Respondents also identified students as ‘picky consumers’ and ‘demanding customers’ who are looking for a response and able to access information 24/7. As a result, marketers are no longer able to control brands and messages with the precision they were once able to, and an evolution in tools has been necessary to support this shift.

 

Dr Chris Chapleo, Senior Lecturer in Marketing at Bournemouth University and author of the report says that, “most marketing directors spoken to reported an increase in marketing budgets in recent years, which indicates that senior management has started to realise that as a consequence of the changing operating environment, marketing is not only necessary to attract students but also for the university’s reputation”.

 

Other key findings include:

 

  • Spend on outdoor advertising has reduced at expense of integration of print and online marketing and social media channels. However respondents warned against “looking at social media too simplistically” as “it is not a panacea”. Social media tools must be used with caution to avoid “pushy” communications and encroaching on students’ social space
  • Universities are shifting to ‘lifetime communications,’ staying with students throughout their life journey, before and after joining. Communications that were previously task specific and sporadic, now have to be on-going, building up the role of ‘brand ambassadors’
  • With higher education fees, comes a higher expectation of quality and this does not come cheap. However, it is important to choose specific communications channels and make sure these are well executed rather than “having a presence across the board and being master of none”
  • “Face-to-face” marketing is still crucial for academic staff, heads of department and faculty representatives – open days with access to staff, students and prospectuses provide an experience that inanimate digital platforms cannot convey
  • HE institutions have started to adopt more competitive and aggressive marketing strategies to secure quality students for income and research excellence. Increased fees, semi-regulation or deregulation of HE providers and policies surrounding student number controls have all led to this change.

 

Dr Chris Chapleo continues, “Modern marketing planning in higher education is challenging; the sector has been through a period of great change and continues to evolve.
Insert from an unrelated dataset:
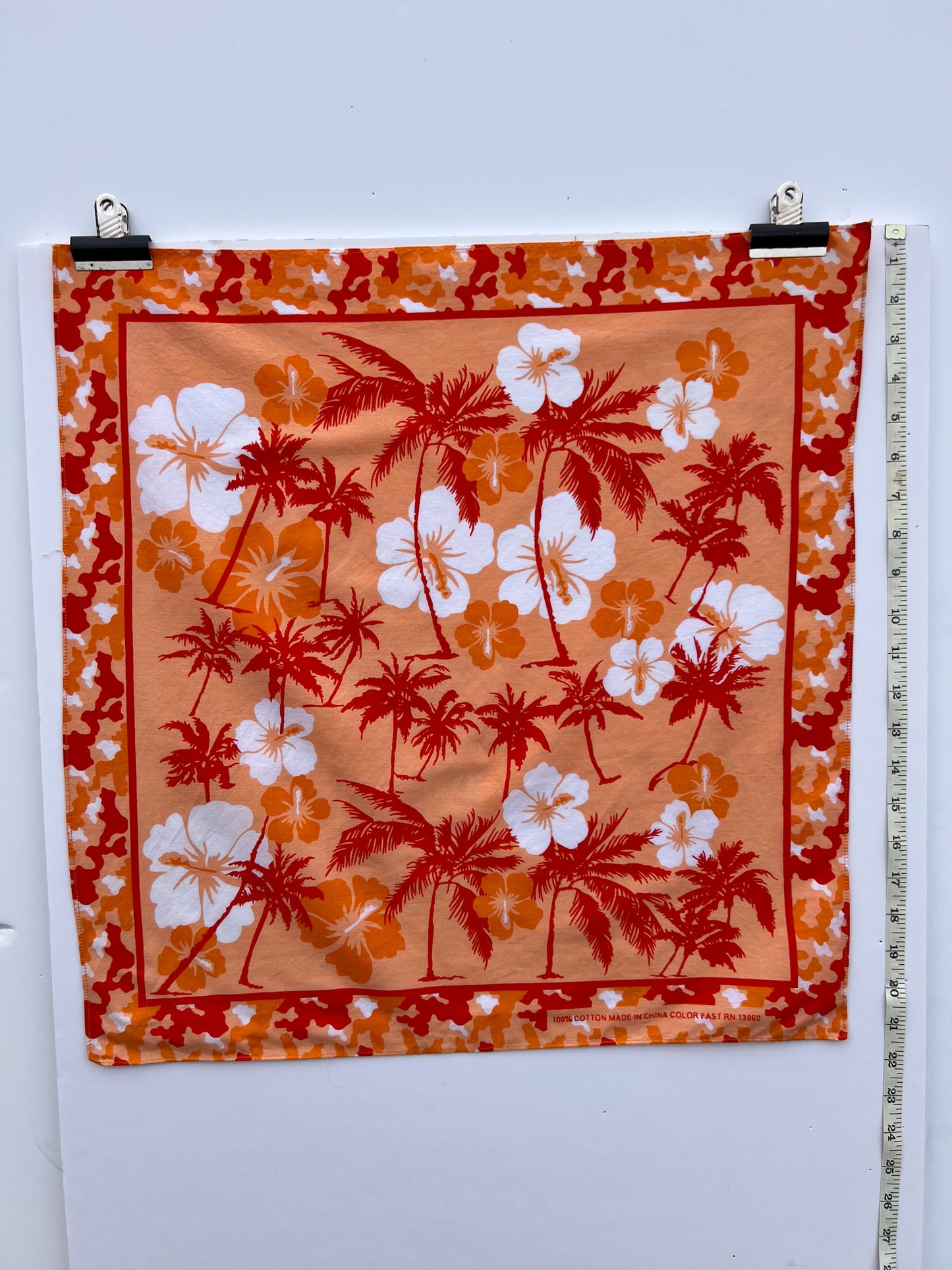 Orange Hawaiian Print Bandana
More than ever there is a need for marketers to be flexible and nimble, able to respond to the need for ‘lifetime communications’ with students and the ever-changing communications landscape. This requires a certain calibre of professional and we have seen increasingly senior strategic appointments within marketing departments over the past few years to support this shift.”

 

In conclusion the research shows that there is more considered investment in marketing in the UK’s universities. There’s no doubt that increased tuition fees, international competition, the establishment of more universities, online options for study and the impending removal of the cap on undergraduate numbers are all contributing to an intensive phase in which universities need to stand out more and drive choices in their favour. We hope our resesarch will enable university leaders to reflect on the growing significance of marketing as a discipline in this context.

 

The research was conducted through in-depth interviews with 15 universities and through a survey to reveal marketing budget trends with 37 directors of marketing (or similar) in UK HE institutions.